I would like to focus on two aspects of Brumfield’s list: “Entities” and “Discovery.”
Entities
“Entities” are similar to the subject heading and name authority records I wrote about earlier. Patrons, or archivists, can use AI to discuss the individuals, groups, events, and other important subjects in materials.
Discovery
If an AI tool is trained on all materials in an archives collection (or archives as a whole), patrons can also use AI’s capabilities to find one or multiple materials that discuss an entity. This can help improve researchers’ understanding of the relationship between these materials. This is similar to the Book Finder AI tool I created.
Discovery is enhanced by image analysis and optical character recognition (OCR). These can aid in transcription and caption writing, although the research performed by the National Archives of the United Kingdom says that AI is not adept enough.

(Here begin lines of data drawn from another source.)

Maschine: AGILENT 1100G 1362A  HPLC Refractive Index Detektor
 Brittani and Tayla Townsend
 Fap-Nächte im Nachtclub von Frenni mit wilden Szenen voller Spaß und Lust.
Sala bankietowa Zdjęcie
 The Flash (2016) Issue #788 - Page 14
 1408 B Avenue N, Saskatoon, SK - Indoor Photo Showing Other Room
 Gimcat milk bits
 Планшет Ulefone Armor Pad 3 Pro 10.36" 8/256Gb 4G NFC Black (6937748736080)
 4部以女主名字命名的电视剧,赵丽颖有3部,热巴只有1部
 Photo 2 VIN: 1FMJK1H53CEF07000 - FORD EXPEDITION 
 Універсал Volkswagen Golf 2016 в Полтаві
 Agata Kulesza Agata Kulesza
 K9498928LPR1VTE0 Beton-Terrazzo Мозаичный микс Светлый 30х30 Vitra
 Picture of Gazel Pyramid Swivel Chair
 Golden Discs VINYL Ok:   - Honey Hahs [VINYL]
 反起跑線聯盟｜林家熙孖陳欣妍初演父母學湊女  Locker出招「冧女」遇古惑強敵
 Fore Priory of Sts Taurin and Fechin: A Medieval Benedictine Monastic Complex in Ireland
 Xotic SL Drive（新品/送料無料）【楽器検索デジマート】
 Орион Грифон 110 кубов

With the image, textual, and data analysis abilities of AI tools, they could help promote “conversational” discovery. This is similar to the function of the “Talk to a Book” AI tool that Steve Hargadon and I created.
AI Can Be Useful and Harmful… You Are Responsible!
In the first post of this series I talked mostly about the issues that AI posted to historical authenticity and correct narratives. One might call that post “Archives vs. AI.” In this post, which one might refer to as “Archives with AI.” While we all must be wary of the weaknesses and dangers of overreliance on AI, we should also harness the usefulness of new technologies, including AI, as we create modern archives. Just remember, as T. R. Schellenberg said, “The use of modern gadgetry cannot supplant the use of proper techniques and principles.”
References
The National Archives. (2021, November 11). Using AI for digital selection in Government. https://www.nationalarchives.gov.uk/information-management/manage-information/preserving-digital-records/research-collaboration/using-ai-for-digital-selection-in-government/
Schellenberg, T. R. (2003). Modern Archives Principles & Techniques. Society of American Archivists.